Chl (µg/L)	2.7	5.5	5.9	11.6
KSP (µS/cm)	319	367	366	402
Slope (%)	8.2	9.5	9.7	10.7
Cropland (%)	7.6	18.7	17.4	45.6
Grassland (%)	33.5	42.1	44.8	48.5
Forest (%)	16.1	28.2	32.1	40.2
Wetland (%)	0.7	1.3	1.3	2.4
Open water (%)	0.5	1.1	1.3	2.0
Urban (%)	1.5	1.8	1.6	2.3

Using regression analysis, over 60% of among-system variation in DOC was explained by percent forest (partial r² = 0.34), watershed area (partial r² = 0.08), and slope (partial r² = 0.08, all negative coefficients), with percent wetland entering the regression with a positive coefficient (partial r² = 0.11). No other variables entered to explain more than 3% of residual variation. Similar variation was explained when percent cropland was substituted for percent forest (negative coefficient). Noteworthy is that among the 5 Highland streams in the dataset, DOC ranged from 1.9 to 6.1 mg/L, with percent wetland (0.7 to 2.4%, untransformed) explaining 99% of the increase in a quadratic fit.

Hinkson Creek

DOC averaged 3.8 mg/L (interquartile range 2.8 to 4.9 mg/L, n = 354) with a minimum and maximum of 2.0 and 12.7 mg/L, respectively. The CV for DOC at 40% was lower than for TN (72%), Chl (107%), and TP (142%) and was slightly larger than for specific conductance (37%). Streamflow ranged from unmeasurably low to about 8 m³/s and the flow-weighted average DOC was 5.9 mg/L. Average DOC during above-normal flow conditions (greater than the 75th percentile of 35 yr of daily flow record between 1967 and 2020; US Geological Survey 2016) was 6.2 mg/L, which was nearly double the mean of 3.6 mg/L during below-normal flow conditions (less than the 25th percentile of the 35 yr flow record).

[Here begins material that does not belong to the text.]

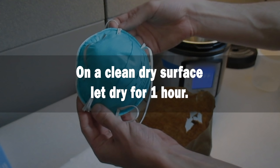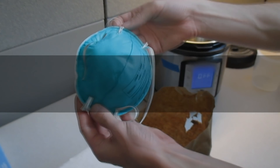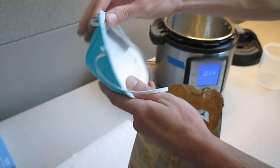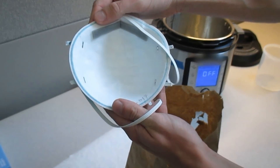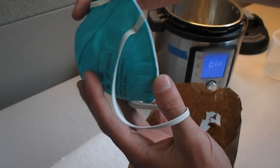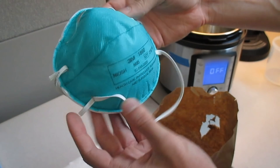An hour should be sufficient for the mask to dry. Once dry, examine the mask for any potential damage, including the nose foam, strap attachments, and other accessories. If there is any damage, then discard the mask. If not, then the mask is ready for reuse.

In 20% of sequential samples the change in DOC was <0.1 mg/L or ∼3% of the mean, in 60% the absolute difference was <25% of the mean, and in the remaining 20% of samples the change was >25%. The largest day-to-day increase (+6.9 mg/L) was associated with the maximum value observed (12.7 mg/L) and coincided with a 5-fold increase in flow; the following day flow declined by half and DOC declined by 7.9 mg/L, which illustrates the variation related to a single spate. Excluding 12 samples with unmeasurable low flow, discharge explained 40% of temporal variation in DOC (r² = 0.40, n = 338). Across all samples, DOC was positively correlated with discharge (r = 0.62), TP (r = 0.77), TN (r = 0.74) and negatively correlated with specific conductance (r = −0.71 log transformed, n = 354).

Discussion

Statewide DOC concentrations

Mean summer DOC in statewide inventories of Missouri reservoirs (Table 1, 1.6 to 10.8 mg/L) and streams (Table 4, 1.9 to 12.9 mg/L) span the lower half of worldwide values (<1 to >30 mg/L; Xenopoulos et al. 2003). These values are also within the range of most global rivers (1 to 20 mg/L; Meybeck 1982). Lower DOC concentrations would be expected in Missouri, which has clay soils and native vegetation dominated by grasslands and hardwood forests (Rae et al. 2001). The overall mean of 5.8 mg/L among individual reservoir samples matches the median value in a large, multicontinent analysis (Sobek et al. 2007); however, it is about 50% greater than the predicted average for lake water globally (3.9 mg/L; Toming et al. 2020). The mean DOC of 6.3 mg/L among streams, under low-flow conditions, is similar to the global average of 5.7 mg/L (Meybeck 1982).

Regional comparisons for these DOC measurements are limited; individual collections from Missouri reservoirs included in the National Lakes Assessment ranged from 1.1 to 13.0 mg/L and averaged 4.8 mg/L (n = 78, from 2007, 2012, and 2017; USEPA 2023). Similarly, DOC in 5 Iowa lakes, located north of Missouri, averaged from 4.5 to 12.0 mg/L, with a mean of 6.7 mg/L (Pacheco, Roland, and Downing 2014). Values from both collections compare closely with our findings. Also, stream averages of 4.0 mg/L in the Highlands and 6.6 mg/L in the Plains closely match regional reservoir values of 4.6 and 6.9 mg/L, respectively. The non-flow-weighted mean of 3.8 mg/L in Hinkson Creek is similar to the mean of 3.6 mg/L in Lake Woodrail, which is located in the watershed. The similarity of DOC concentrations in streams and reservoirs, despite differences in study design and period of collection, supports the strong connection between inflows and reservoir DOC observed by Bhattacharya et al. (2022) in Missouri and other studies worldwide (Findlay et al. 2001, Mulholland 2003, Lapierre, Seekell, and del Giorgio 2015). Collectively, these data represent the measured range of DOC concentrations in reservoirs and streams within the state.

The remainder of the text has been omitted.